Die ganz große Schwäche der wissenschaftsjournalistischen Berichterstattung der FAZ ist die zu große Nähe zu den großen Wissenschaftsverlagen. Deren Interessen und Auffassungen werden in und von der FAZ beinahe immer vertreten. So auch wieder gestern.
Der Bundesgerichtshof hatte am 16. April Universitätsbiblotheken (hier konkret der Bibliothek der TU Darmstadt) erlaubt, Lehrbücher zu digitalisieren und die Digitalisate ausdruckbar und am Platz kopierbar zur Verfügung zu stellen. Und das auch gegen den Willen der Rechteinhaber oder dann, wenn der betreffende Verlag der Bibliothek ein Angebot über eine digitalisierte Version unterbreitet hat. Dagegen geklagt und verloren hatte der Eugen Ulmer Verlag.
Die FAZ macht sich nun Sorgen darum, wer für den Schaden aufkommen muss. Der Schaden besteht darin, dass Studierende es nun leichter haben werden, an die von ihnen benötigten Teile eines Lehrbuches zu kommen. Die Zeitung sieht damit das Geschäftsmodell Lehrbuch bedroht und fragt sich welcher Student das noch kaufen, welcher Verlag das noch machen würde.

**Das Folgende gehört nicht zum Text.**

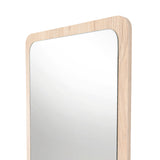 Espejo de Baño Mukal Madera Clara Natural 45x60cm Rectangular con Marco En Madera - ESPEJOS DE BANHO | Bylmo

Bisher sah das Geschäftsmodell ja so aus, dass Verlage und Autoren Bücher produzieren, für die sie sich kaum interessierten, und darauf vertrauen konnten, dass Studierende, die sich ebenfalls nicht dafür interessierten, diese zu überteuerten Preisen kaufen mussten. Neben Studierenden mussten Universitätsbibliotheken diese Bücher in großer Stückzahl kaufen, um sogenannten Lehrbuchsammlungen zu bestücken. Selbstverständlich gab es nie und nirgends genug Exemplare.
Diese Zyklen mag das Urteil des BGH nun aufbrechen, stellt sicht nur die Frage nach dem Schaden, wo er anfällt und wie groß er ist. Die FAZ macht sich jedenfalls große Sorgen, dass nun faktisch ganze Bücher an den Bibliotheksarbeitsplätzen gratis kopiert werden könnten.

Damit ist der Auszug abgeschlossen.